Da der Index aber auch auf reinen technischen Daten basiert und keine Messung ist, zudem diese Daten oft auf veralteten Datenbanken beruhen, nutzt der Index insbesondere für die Bewertung der Leistung bezüglich modernen Games rein gar nichts. Gutes Beispiel: Festplatten.
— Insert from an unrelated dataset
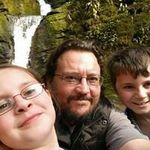 Barry Pope - @barry.pope - Instagram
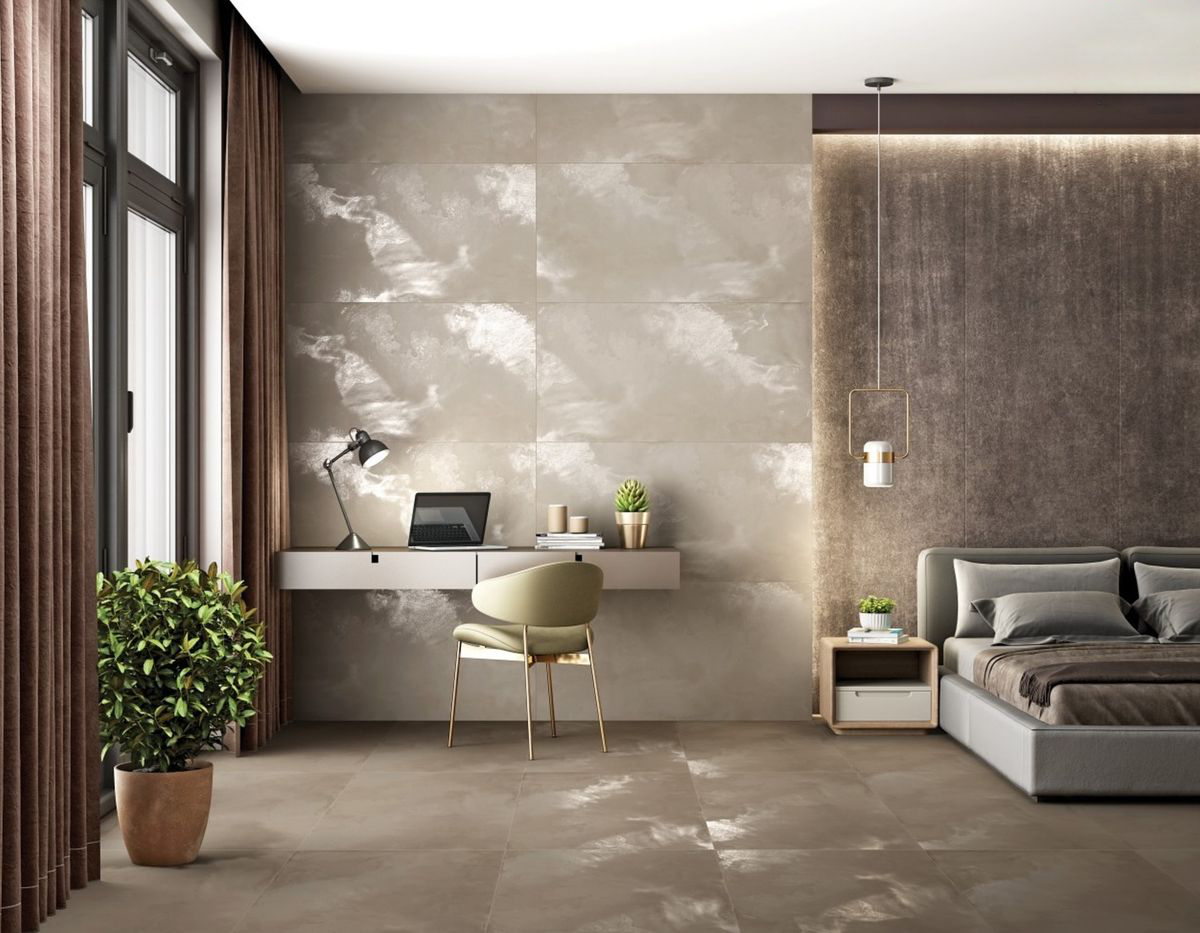 600x1200 tile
Als der Index gemacht wurde, rechnete man offenbar nicht damit, dass Festplatten nochmal schneller werden können, oder man hielt es für unwichtig., Daher bekommt schon eine aus heutiger Sicht relativ lahme Platte die maximale Punktzahl, die Windows für Festplatten geben kann, nur eine SSD bekommt mehr Punkte.

Um die Leistung vor allem für Spiele zu bewerten muss man aber richtige Grafikbenchmarks verwenden wie 3DMark Vantage, Call of Pripyrat usw.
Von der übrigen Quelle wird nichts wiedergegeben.